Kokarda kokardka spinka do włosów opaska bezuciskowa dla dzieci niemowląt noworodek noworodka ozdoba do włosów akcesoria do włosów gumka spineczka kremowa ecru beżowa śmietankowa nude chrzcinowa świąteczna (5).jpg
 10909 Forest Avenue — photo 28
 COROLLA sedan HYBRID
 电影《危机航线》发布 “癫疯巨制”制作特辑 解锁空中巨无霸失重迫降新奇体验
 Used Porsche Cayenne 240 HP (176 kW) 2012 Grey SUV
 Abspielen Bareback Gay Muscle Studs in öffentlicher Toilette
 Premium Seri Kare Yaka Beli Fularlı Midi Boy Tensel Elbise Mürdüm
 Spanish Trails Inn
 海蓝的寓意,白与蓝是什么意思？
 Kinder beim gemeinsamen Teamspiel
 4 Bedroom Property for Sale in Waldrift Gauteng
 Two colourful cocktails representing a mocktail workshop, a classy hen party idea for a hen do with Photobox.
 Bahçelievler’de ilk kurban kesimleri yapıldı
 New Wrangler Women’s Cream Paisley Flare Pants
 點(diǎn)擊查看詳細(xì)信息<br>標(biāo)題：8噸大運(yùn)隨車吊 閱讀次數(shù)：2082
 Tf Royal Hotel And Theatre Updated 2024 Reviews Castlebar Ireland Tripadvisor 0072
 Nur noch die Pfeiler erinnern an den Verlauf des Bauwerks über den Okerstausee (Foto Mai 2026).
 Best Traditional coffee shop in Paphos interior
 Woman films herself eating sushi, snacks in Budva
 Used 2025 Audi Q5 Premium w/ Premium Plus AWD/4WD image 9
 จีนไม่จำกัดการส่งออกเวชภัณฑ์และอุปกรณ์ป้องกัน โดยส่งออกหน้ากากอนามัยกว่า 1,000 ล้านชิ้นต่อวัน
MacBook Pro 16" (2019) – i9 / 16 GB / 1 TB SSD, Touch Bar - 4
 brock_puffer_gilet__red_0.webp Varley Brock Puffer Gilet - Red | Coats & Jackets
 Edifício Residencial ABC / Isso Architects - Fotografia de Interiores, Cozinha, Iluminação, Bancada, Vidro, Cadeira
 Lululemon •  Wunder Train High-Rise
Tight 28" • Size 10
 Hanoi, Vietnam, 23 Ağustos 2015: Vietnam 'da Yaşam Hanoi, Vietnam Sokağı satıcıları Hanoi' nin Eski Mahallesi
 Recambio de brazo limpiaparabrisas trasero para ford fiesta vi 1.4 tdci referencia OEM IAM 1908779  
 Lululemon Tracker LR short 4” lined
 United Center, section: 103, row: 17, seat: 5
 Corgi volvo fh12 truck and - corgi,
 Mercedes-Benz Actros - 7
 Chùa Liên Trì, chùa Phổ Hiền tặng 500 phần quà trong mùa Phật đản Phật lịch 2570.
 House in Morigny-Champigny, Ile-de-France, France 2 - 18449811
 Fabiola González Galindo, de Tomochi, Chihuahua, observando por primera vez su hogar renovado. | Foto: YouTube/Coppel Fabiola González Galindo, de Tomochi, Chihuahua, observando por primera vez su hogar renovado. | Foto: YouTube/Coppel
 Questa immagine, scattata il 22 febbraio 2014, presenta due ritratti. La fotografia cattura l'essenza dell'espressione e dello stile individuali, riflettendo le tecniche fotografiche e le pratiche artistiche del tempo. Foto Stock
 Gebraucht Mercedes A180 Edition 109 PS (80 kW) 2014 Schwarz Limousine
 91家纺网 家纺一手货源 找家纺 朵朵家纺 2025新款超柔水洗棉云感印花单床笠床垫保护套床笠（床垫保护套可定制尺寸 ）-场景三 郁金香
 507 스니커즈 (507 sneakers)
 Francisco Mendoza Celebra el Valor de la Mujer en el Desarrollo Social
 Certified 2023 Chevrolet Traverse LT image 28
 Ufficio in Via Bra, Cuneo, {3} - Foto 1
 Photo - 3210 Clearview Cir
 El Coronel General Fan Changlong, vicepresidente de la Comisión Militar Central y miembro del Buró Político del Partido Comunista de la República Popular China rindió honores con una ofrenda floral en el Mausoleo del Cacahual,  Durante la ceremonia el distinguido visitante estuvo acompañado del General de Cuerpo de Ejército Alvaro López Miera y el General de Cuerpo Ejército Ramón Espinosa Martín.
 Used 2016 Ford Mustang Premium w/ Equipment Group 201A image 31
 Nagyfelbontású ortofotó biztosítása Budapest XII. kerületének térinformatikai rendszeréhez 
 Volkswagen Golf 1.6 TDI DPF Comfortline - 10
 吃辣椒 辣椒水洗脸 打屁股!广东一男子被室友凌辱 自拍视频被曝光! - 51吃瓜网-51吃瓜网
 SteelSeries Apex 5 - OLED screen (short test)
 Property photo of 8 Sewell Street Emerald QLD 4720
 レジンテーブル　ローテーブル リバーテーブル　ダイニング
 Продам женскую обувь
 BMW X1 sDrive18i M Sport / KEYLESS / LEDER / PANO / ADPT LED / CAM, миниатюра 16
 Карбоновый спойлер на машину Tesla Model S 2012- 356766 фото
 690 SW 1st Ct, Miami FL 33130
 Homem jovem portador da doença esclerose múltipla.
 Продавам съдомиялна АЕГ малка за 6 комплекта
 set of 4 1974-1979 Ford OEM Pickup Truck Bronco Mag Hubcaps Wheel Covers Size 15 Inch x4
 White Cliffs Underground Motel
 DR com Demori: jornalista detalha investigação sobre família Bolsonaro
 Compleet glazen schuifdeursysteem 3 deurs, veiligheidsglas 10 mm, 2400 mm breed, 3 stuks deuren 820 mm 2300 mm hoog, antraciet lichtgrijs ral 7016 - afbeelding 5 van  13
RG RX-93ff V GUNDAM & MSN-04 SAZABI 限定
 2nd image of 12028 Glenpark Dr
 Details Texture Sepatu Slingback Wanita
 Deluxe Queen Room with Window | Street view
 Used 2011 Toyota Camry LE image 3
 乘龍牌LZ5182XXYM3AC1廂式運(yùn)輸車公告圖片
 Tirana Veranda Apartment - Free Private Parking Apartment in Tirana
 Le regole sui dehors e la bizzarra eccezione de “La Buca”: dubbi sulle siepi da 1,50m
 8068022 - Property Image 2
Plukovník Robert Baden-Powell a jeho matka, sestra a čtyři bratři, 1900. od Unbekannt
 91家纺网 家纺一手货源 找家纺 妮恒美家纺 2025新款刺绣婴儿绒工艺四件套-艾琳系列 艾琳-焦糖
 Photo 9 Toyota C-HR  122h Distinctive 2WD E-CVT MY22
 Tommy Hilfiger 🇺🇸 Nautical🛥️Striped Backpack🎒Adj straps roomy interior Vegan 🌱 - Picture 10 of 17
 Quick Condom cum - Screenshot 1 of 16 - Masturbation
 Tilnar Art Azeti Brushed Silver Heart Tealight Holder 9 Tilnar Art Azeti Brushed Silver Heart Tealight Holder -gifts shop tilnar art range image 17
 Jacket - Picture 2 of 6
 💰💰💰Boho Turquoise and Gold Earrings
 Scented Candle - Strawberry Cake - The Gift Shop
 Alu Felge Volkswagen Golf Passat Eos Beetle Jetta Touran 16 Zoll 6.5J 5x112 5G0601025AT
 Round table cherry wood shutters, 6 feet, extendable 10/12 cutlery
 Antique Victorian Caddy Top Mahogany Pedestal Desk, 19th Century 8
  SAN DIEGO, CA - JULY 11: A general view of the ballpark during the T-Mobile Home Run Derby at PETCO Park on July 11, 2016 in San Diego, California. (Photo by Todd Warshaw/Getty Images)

▶ **What you are asked to do**: Every line above must be repeated exactly as it appears.

▶ **Task answer**:
Kokarda kokardka spinka do włosów opaska bezuciskowa dla dzieci niemowląt noworodek noworodka ozdoba do włosów akcesoria do włosów gumka spineczka kremowa ecru beżowa śmietankowa nude chrzcinowa świąteczna (5).jpg
 10909 Forest Avenue — photo 28
 COROLLA sedan HYBRID
 电影《危机航线》发布 “癫疯巨制”制作特辑 解锁空中巨无霸失重迫降新奇体验
 Used Porsche Cayenne 240 HP (176 kW) 2012 Grey SUV
 Abspielen Bareback Gay Muscle Studs in öffentlicher Toilette
 Premium Seri Kare Yaka Beli Fularlı Midi Boy Tensel Elbise Mürdüm
 Spanish Trails Inn
 海蓝的寓意,白与蓝是什么意思？
 Kinder beim gemeinsamen Teamspiel
 4 Bedroom Property for Sale in Waldrift Gauteng
 Two colourful cocktails representing a mocktail workshop, a classy hen party idea for a hen do with Photobox.
 Bahçelievler’de ilk kurban kesimleri yapıldı
 New Wrangler Women’s Cream Paisley Flare Pants
 點(diǎn)擊查看詳細(xì)信息<br>標(biāo)題：8噸大運(yùn)隨車吊 閱讀次數(shù)：2082
 Tf Royal Hotel And Theatre Updated 2024 Reviews Castlebar Ireland Tripadvisor 0072
 Nur noch die Pfeiler erinnern an den Verlauf des Bauwerks über den Okerstausee (Foto Mai 2026).
 Best Traditional coffee shop in Paphos interior
 Woman films herself eating sushi, snacks in Budva
 Used 2025 Audi Q5 Premium w/ Premium Plus AWD/4WD image 9
 จีนไม่จำกัดการส่งออกเวชภัณฑ์และอุปกรณ์ป้องกัน โดยส่งออกหน้ากากอนามัยกว่า 1,000 ล้านชิ้นต่อวัน
MacBook Pro 16" (2019) – i9 / 16 GB / 1 TB SSD, Touch Bar - 4
 brock_puffer_gilet__red_0.webp Varley Brock Puffer Gilet - Red | Coats & Jackets
 Edifício Residencial ABC / Isso Architects - Fotografia de Interiores, Cozinha, Iluminação, Bancada, Vidro, Cadeira
 Lululemon •  Wunder Train High-Rise
Tight 28" • Size 10
 Hanoi, Vietnam, 23 Ağustos 2015: Vietnam 'da Yaşam Hanoi, Vietnam Sokağı satıcıları Hanoi' nin Eski Mahallesi
 Recambio de brazo limpiaparabrisas trasero para ford fiesta vi 1.4 tdci referencia OEM IAM 1908779  
 Lululemon Tracker LR short 4” lined
 United Center, section: 103, row: 17, seat: 5
 Corgi volvo fh12 truck and - corgi,
 Mercedes-Benz Actros - 7
 Chùa Liên Trì, chùa Phổ Hiền tặng 500 phần quà trong mùa Phật đản Phật lịch 2570.
 House in Morigny-Champigny, Ile-de-France, France 2 - 18449811
 Fabiola González Galindo, de Tomochi, Chihuahua, observando por primera vez su hogar renovado. | Foto: YouTube/Coppel Fabiola González Galindo, de Tomochi, Chihuahua, observando por primera vez su hogar renovado. | Foto: YouTube/Coppel
 Questa immagine, scattata il 22 febbraio 2014, presenta due ritratti. La fotografia cattura l'essenza dell'espressione e dello stile individuali, riflettendo le tecniche fotografiche e le pratiche artistiche del tempo. Foto Stock
 Gebraucht Mercedes A180 Edition 109 PS (80 kW) 2014 Schwarz Limousine
 91家纺网 家纺一手货源 找家纺 朵朵家纺 2025新款超柔水洗棉云感印花单床笠床垫保护套床笠（床垫保护套可定制尺寸 ）-场景三 郁金香
 507 스니커즈 (507 sneakers)
 Francisco Mendoza Celebra el Valor de la Mujer en el Desarrollo Social
 Certified 2023 Chevrolet Traverse LT image 28
 Ufficio in Via Bra, Cuneo, {3} - Foto 1
 Photo - 3210 Clearview Cir
 El Coronel General Fan Changlong, vicepresidente de la Comisión Militar Central y miembro del Buró Político del Partido Comunista de la República Popular China rindió honores con una ofrenda floral en el Mausoleo del Cacahual,  Durante la ceremonia el distinguido visitante estuvo acompañado del General de Cuerpo de Ejército Alvaro López Miera y el General de Cuerpo Ejército Ramón Espinosa Martín.
 Used 2016 Ford Mustang Premium w/ Equipment Group 201A image 31
 Nagyfelbontású ortofotó biztosítása Budapest XII. kerületének térinformatikai rendszeréhez 
 Volkswagen Golf 1.6 TDI DPF Comfortline - 10
 吃辣椒 辣椒水洗脸 打屁股!广东一男子被室友凌辱 自拍视频被曝光! - 51吃瓜网-51吃瓜网
 SteelSeries Apex 5 - OLED screen (short test)
 Property photo of 8 Sewell Street Emerald QLD 4720
 レジンテーブル　ローテーブル リバーテーブル　ダイニング
 Продам женскую обувь
 BMW X1 sDrive18i M Sport / KEYLESS / LEDER / PANO / ADPT LED / CAM, миниатюра 16
 Карбоновый спойлер на машину Tesla Model S 2012- 356766 фото
 690 SW 1st Ct, Miami FL 33130
 Homem jovem portador da doença esclerose múltipla.
 Продавам съдомиялна АЕГ малка за 6 комплекта
 set of 4 1974-1979 Ford OEM Pickup Truck Bronco Mag Hubcaps Wheel Covers Size 15 Inch x4
 White Cliffs Underground Motel
 DR com Demori: jornalista detalha investigação sobre família Bolsonaro
 Compleet glazen schuifdeursysteem 3 deurs, veiligheidsglas 10 mm, 2400 mm breed, 3 stuks deuren 820 mm 2300 mm hoog, antraciet lichtgrijs ral 7016 - afbeelding 5 van  13
RG RX-93ff V GUNDAM & MSN-04 SAZABI 限定
 2nd image of 12028 Glenpark Dr
 Details Texture Sepatu Slingback Wanita
 Deluxe Queen Room with Window | Street view
 Used 2011 Toyota Camry LE image 3
 乘龍牌LZ5182XXYM3AC1廂式運(yùn)輸車公告圖片
 Tirana Veranda Apartment - Free Private Parking Apartment in Tirana
 Le regole sui dehors e la bizzarra eccezione de “La Buca”: dubbi sulle siepi da 1,50m
 8068022 - Property Image 2
Plukovník Robert Baden-Powell a jeho matka, sestra a čtyři bratři, 1900. od Unbekannt
 91家纺网 家纺一手货源 找家纺 妮恒美家纺 2025新款刺绣婴儿绒工艺四件套-艾琳系列 艾琳-焦糖
 Photo 9 Toyota C-HR  122h Distinctive 2WD E-CVT MY22
 Tommy Hilfiger 🇺🇸 Nautical🛥️Striped Backpack🎒Adj straps roomy interior Vegan 🌱 - Picture 10 of 17
 Quick Condom cum - Screenshot 1 of 16 - Masturbation
 Tilnar Art Azeti Brushed Silver Heart Tealight Holder 9 Tilnar Art Azeti Brushed Silver Heart Tealight Holder -gifts shop tilnar art range image 17
 Jacket - Picture 2 of 6
 💰💰💰Boho Turquoise and Gold Earrings
 Scented Candle - Strawberry Cake - The Gift Shop
 Alu Felge Volkswagen Golf Passat Eos Beetle Jetta Touran 16 Zoll 6.5J 5x112 5G0601025AT
 Round table cherry wood shutters, 6 feet, extendable 10/12 cutlery
 Antique Victorian Caddy Top Mahogany Pedestal Desk, 19th Century 8
  SAN DIEGO, CA - JULY 11: A general view of the ballpark during the T-Mobile Home Run Derby at PETCO Park on July 11, 2016 in San Diego, California. (Photo by Todd Warshaw/Getty Images)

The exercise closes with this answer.